Premiums are supposed to provide protections against the pooled risk of the insured individuals, which means new drug launches, first-time generic releases, changes in health status, and a litany of other things can impact the overall premium figure. However, if you are a patient in Medicare who takes insulin and whose drug therapy hasn’t changed from 2023 to 2024 (i.e., the specific drugs you’re taking are unchanged), then arguably you don’t appear to have benefited from the insulin price decreases. Think of the math this way, the average Part D premium was $40 in 2023 and $43 in 2024. In both years, a Medicare enrollee had the $35 cap. So if you got the average Part D plan (at the premium cost) and paid the caped insulin cost (again, these are just averages, individual plan results may vary), it costs more money to get insulin in 2024 ($43 premium per month + $35 insulin cost per month) than it did in 2023 ($40 premium per month + $35 insulin cost per month) despite the drug being associated with a 70%+ list decrease.

Insuring the irrational drug pricing world

If you haven’t connected the dots between irrational drug prices and money from sick people, perhaps our final attempt will help. Imagine you have been recently hired to develop the premium rate to be paid for health insurance. Whether you're aware of it or not, actuaries craft premium rate structures through meticulous analysis of projected claims and administrative expenses. Factors that are considered include claim costs (which in turn reflect provider prices, utilization, and enrollee demographics and heath status); administrative costs; and some combination of risk charge, contribution to surplus, and profit. How would you develop an estimated premium in the face of a thousand different prices for one insulin product (to say nothing of how that compounds across the half dozen or so insulin products that may be used [not all insulin products took a price decrease]).
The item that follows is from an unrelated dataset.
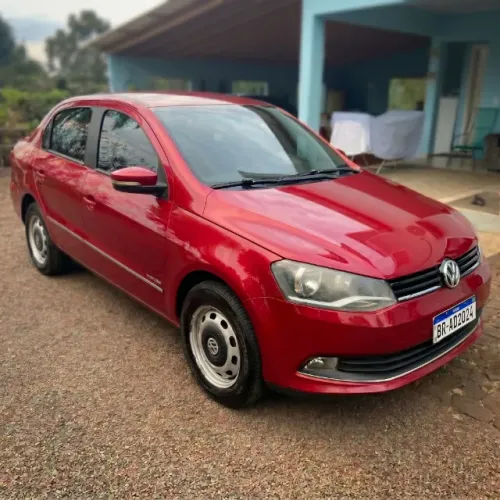 Volkswagen Voyage Comf/highli. 1.6 MI T.flex 8V 4P 2014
We've previously stated that when there are a dozen different prices, there are effectively no prices. Transparency in pricing isn’t a cure-all for the dysfunction of drug pricing; rather, it equips those with the knowledge and means to enact positive changes (see the American Academy of Actuaries statements re: price transparency). Matt Stoller just wrote an enlightening piece on drug pricing and pharmacy benefits, which we highly encourage you to read (with particular attention given to the discussion on price discrimination). If your job was on the line to develop the rate we were going to pay (i.e., premium) to get our protection money (i.e., low cost sharing) against the irrational world of drug pricing, are you going to err on the side of setting a higher or lower rate?

In our Money from Sick People series to date, the focus has been about how sick patients front big out-of-pocket costs that yield discounts that aren’t being used to offset their inflated experience at the pharmacy counter. Thanks to policy changes, Medicare no longer subjects diabetic patients to these perverse forms of cost-shifting. However, just because the problem of distorted, inflated drug prices is shifted away from the point-of-sale, it doesn’t mean that the problem has been vanquished. When an intermediary has the ability to create hundreds of different prices for the same medicine from low to high, from a certain point of view, anything that surpasses the low point is an added cost.

Ultimately, the bill of drug pricing dysfunction comes due regardless of where in the spectrum it is experienced. In other words, we can create a world where the copay of insulin is capped, but one way or another, the full balance will be paid. So until something materially alters the architecture our system of inflated, disparate prices, expect Money from Sick People to live on.